プレゼンテーション、ご提案、目論見書提出と様々な言葉がある。また結婚に際してのプロポーズも究極のプレゼンテーションと言っても良いかもしれない。

私生活において、また成熟化した市場において、新たな価値や需要を創りだすためには不可欠なものである事は疑い得ないものである。


営業行為において、お客様(流通業、生活者)の課題を解決するための方策を示し、価値提供者と流通と生活者の3者のWIN-WIN-WINの関係を構築する提案型営業という言葉が語られ出して、約20年が経過している。提案型営業という言葉を英訳した言葉がソリューションセリングであるといわれている。


すなわち、課題無き所、課題探索能力、課題解決力無き所には提案は存在しないと言っても過言ではないのであろう。そこで、プレゼンテーションの元来の意味は一体何なのかを考えて行きたい。


釈迦に説法となるものの、元来はラテン語のプレゼントという言葉の派生語だそうである。プレゼントの元来の意味は「上演する」「人の前に差し出す」と言ったことだそうである。すなわち、相手が求めないのであれば、元来存在しないものであるのかもしれない。


また同様に、相手が潜在的に持っている未知覚ニーズがなければ存在しないということとなる。究極は演者と聴衆が併存して初めて成立するものである。ここでは、プレゼンテーションというものをアーティストのライブパフォーマンスと考えれば良いのかもしれない。
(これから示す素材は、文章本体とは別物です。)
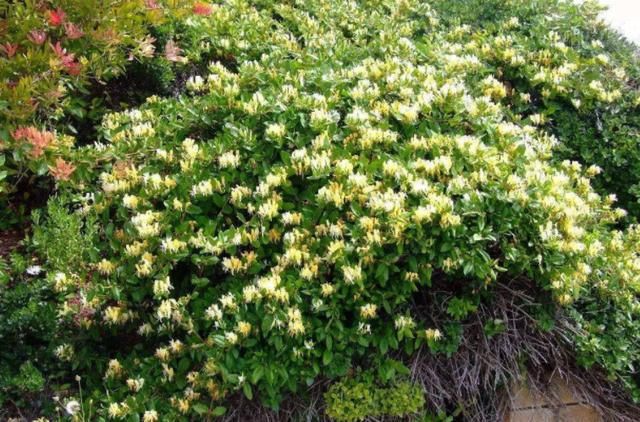  花盆：盆栽金银花，皮实好养根系壮，挖一棵做盆景，苍劲古朴花满盆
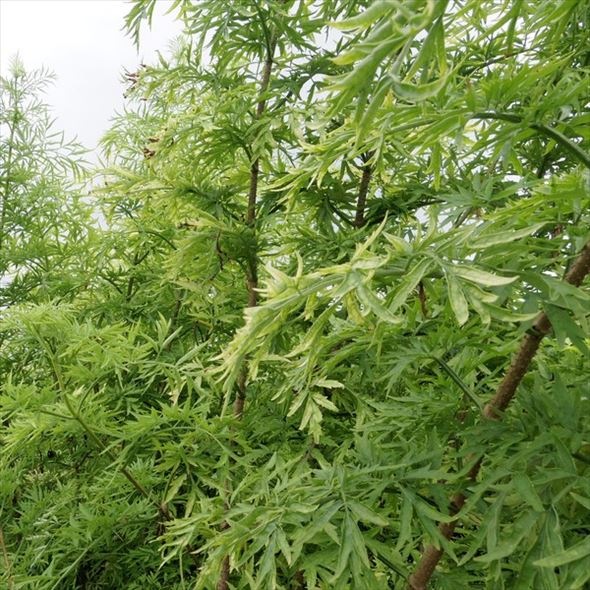 西洋ニワトコ サンブカス ゴールデンタワー 5号充実株|花木10-TU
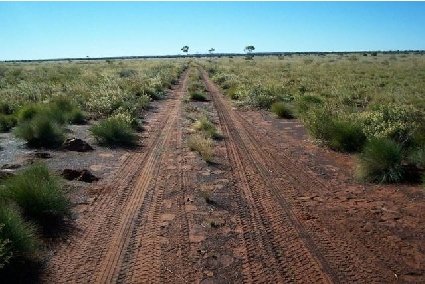 Gibson Desert 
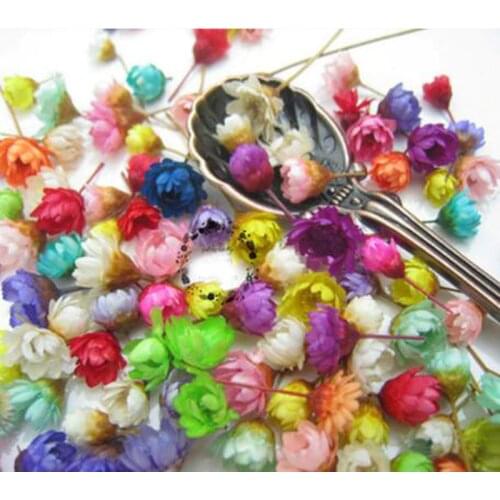 100pcs Mixed Colors Mini Dried Daisy Flower Head For Epoxy Resin Pendant Necklace Jewelry Making Craft DIY Accessories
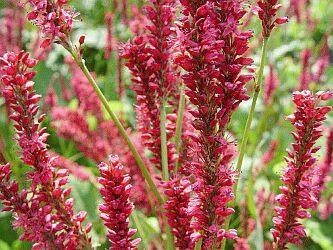 Andere Persicaria affinis-rassen Persicaria affinis Border Jewel Donkergroen blad, mooie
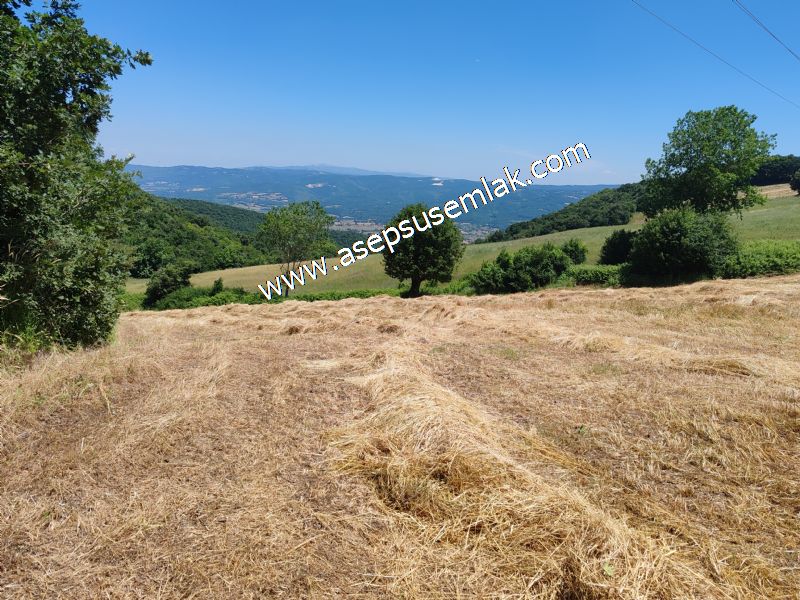 10.008 m2 Yatırımlık Tarla Bağ-Bahçe Su Çeşme Var. Yolu Yok. - 79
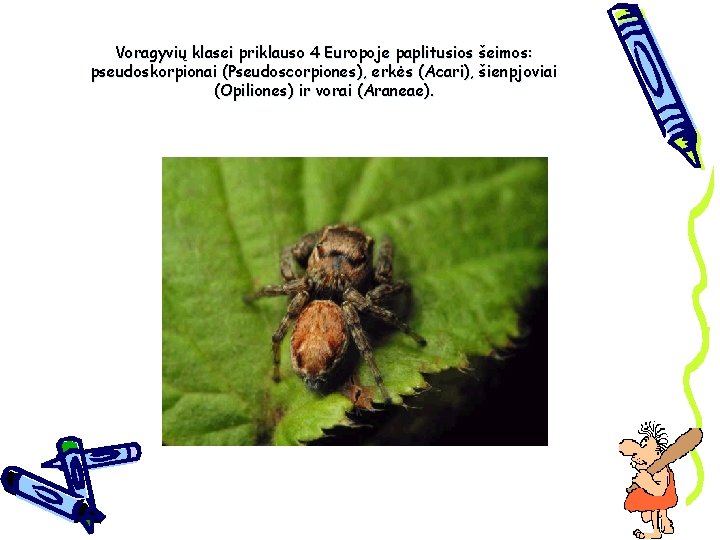 Voragyvių klasei priklauso 4 Europoje paplitusios šeimos: pseudoskorpionai (Pseudoscorpiones), erkės (Acari), šienpjoviai (Opiliones) ir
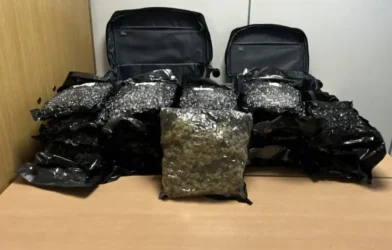 Viyana Havalimanı’nda 25 Kilo Esrarla Yakalanan İngiliz Tutuklandı Viyana Havalimanı’nda 25 Kilo Esrarla Yakalanan İngiliz Tutuklandı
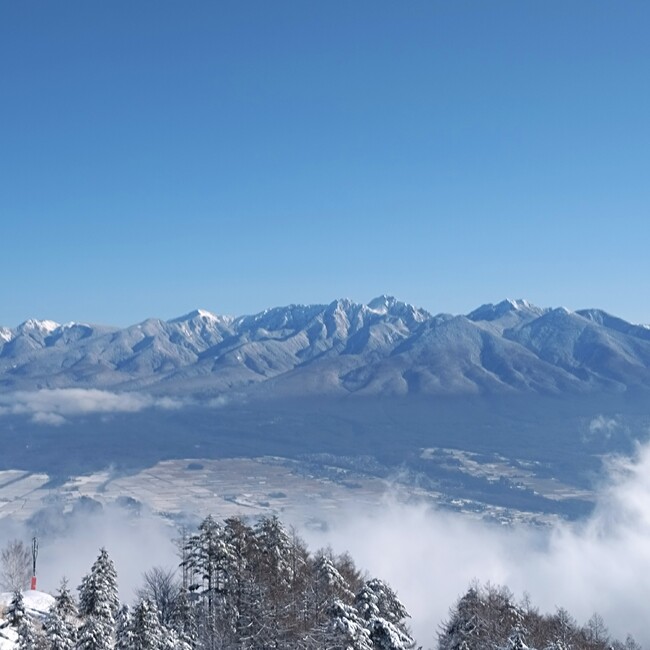 M・SUZUKiのカバー写真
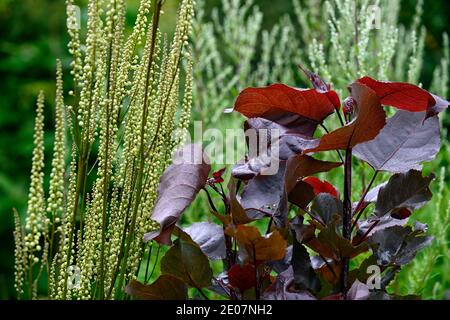 Populus deltoides Purple Tower ,Eastern Cottonwood,feuilles,feuillage,Actaea cordifolia Blickfang,blanc fleur,fleurs,fleur en pointe,floraison,vivace,pe Banque D'Images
一般的には、特定個人の印象は外見で70%程度決定するといわれているが、誰であれ、自らが好きなアーティストでなければ、コンサート会場に足を運ばないであろうし、アーティストサイドも、観客の関心を分析する中で、コンサートの構成を決定するであろう。自らの自己表現の場であると同時に、観客が歓喜するという行動の変容が必須与件であろう。


そして、何よりも観客が勇気なり、喜びなり、共感なりを得なければならないのである。アーティストの方々や様々な場で御講演等なさる方々のお話を伺うと、最初の5分間程度が勝負であると仰る方々が多い。最初の5分間でオーディエンスの求めるコトが何かを把握し、当日のライブアクトを修正するということなのであろう。
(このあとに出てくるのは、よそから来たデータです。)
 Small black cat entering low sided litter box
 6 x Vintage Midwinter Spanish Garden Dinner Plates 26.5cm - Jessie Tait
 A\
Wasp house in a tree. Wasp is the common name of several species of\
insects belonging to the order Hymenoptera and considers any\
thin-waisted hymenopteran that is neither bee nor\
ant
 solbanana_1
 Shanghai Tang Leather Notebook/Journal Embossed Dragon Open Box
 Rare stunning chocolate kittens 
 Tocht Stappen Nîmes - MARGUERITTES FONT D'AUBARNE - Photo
シェイクスピアの「お気に召すまま」の中の名台詞に次のような台詞がある。
「All the world's a stage.And all The men and women merely players.」(三千世界は舞台なり。人はみな役者。)

 
かつての舞台は屋外が中心で台詞中心であったという。現在の劇場で、大がかりな舞台装置を活用したものとは異なったものであったという。現在の演劇の中ではストレートプレイを想像すれば良いのかもしれない。そこでは、演劇を観るだけではなく、聴くといった事が大きなポイントとなり、聴衆は自らの五感を研ぎ澄まして、一つひとつの台詞から想像力を膨らませ一時を過ごしたといわれている。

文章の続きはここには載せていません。